### Directions
Below is a set of records; reproduce them exactly without their pictures.
>>>>>
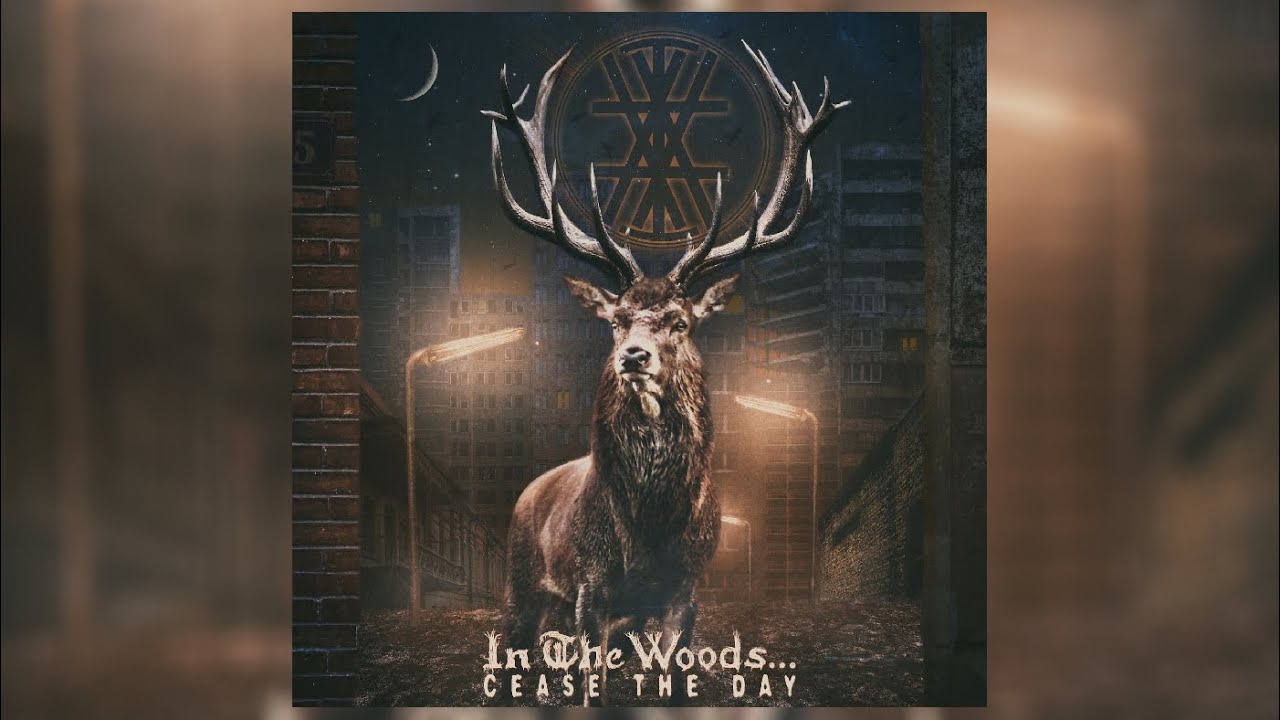 In the Woods...ブラックメタル　blackl maxresdefault.jpg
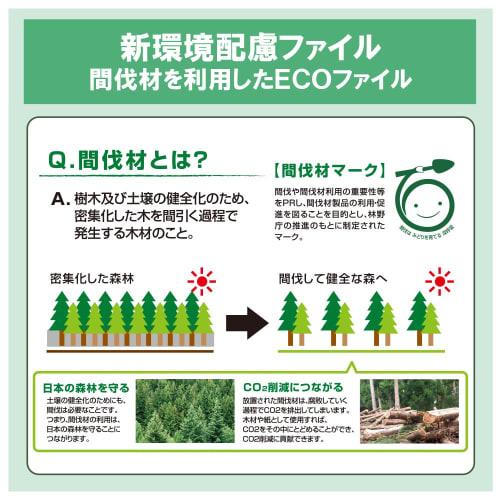 Plus Flat File A4 Vertical 2 Holes Back Width Telescopic Cenovus Thinning Wood 86-946 Green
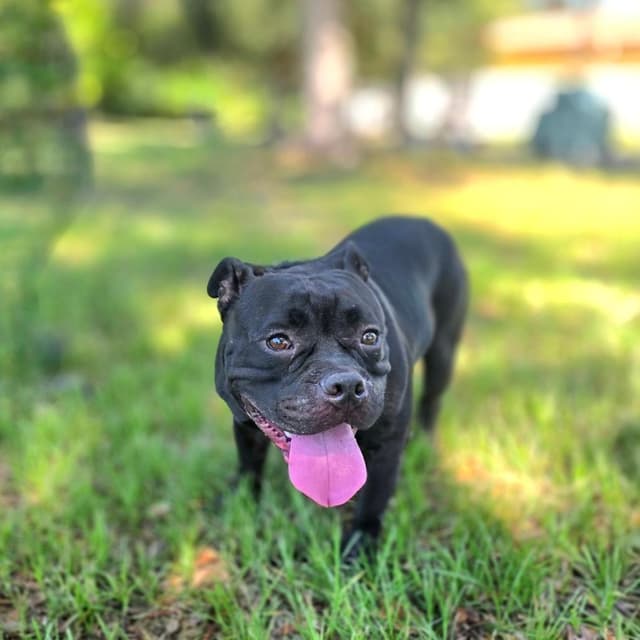 Hooch media 4
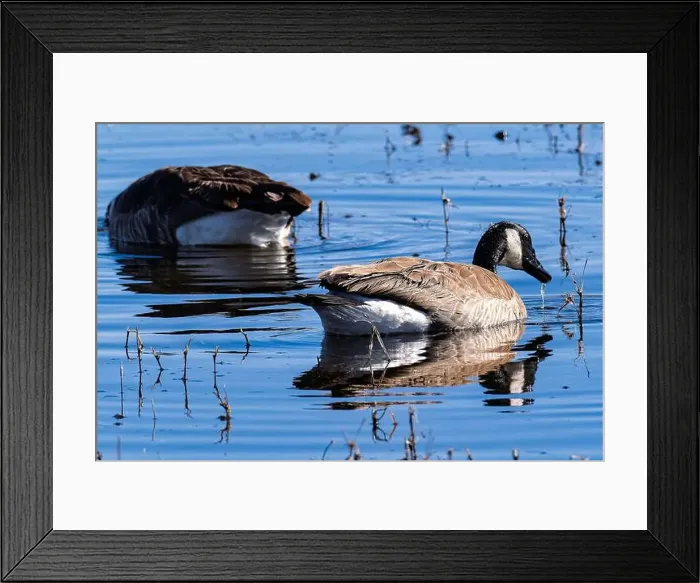 Framed Print : Canadian Geese feeding in the wetlands of their winter home at Bosque Del Apache National Wildlife Refuge Framed Print : Canadian Geese feeding in the wetlands of their winter home at Bosque Del Apache National Wildlife Refuge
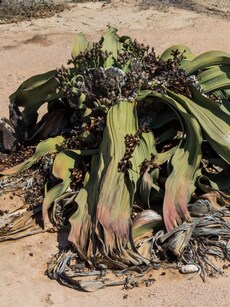 10 Bizarre Plant Mysteries That Still Puzzle Scientists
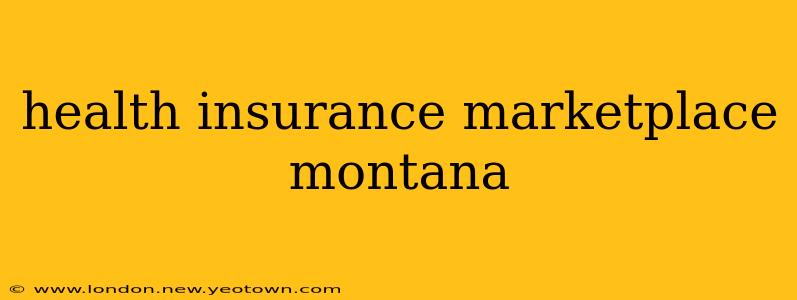 health insurance marketplace montana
<<<<<
### Exercise output
 In the Woods...ブラックメタル　blackl maxresdefault.jpg
 Plus Flat File A4 Vertical 2 Holes Back Width Telescopic Cenovus Thinning Wood 86-946 Green
 Hooch media 4
 Framed Print : Canadian Geese feeding in the wetlands of their winter home at Bosque Del Apache National Wildlife Refuge Framed Print : Canadian Geese feeding in the wetlands of their winter home at Bosque Del Apache National Wildlife Refuge
 10 Bizarre Plant Mysteries That Still Puzzle Scientists
 health insurance marketplace montana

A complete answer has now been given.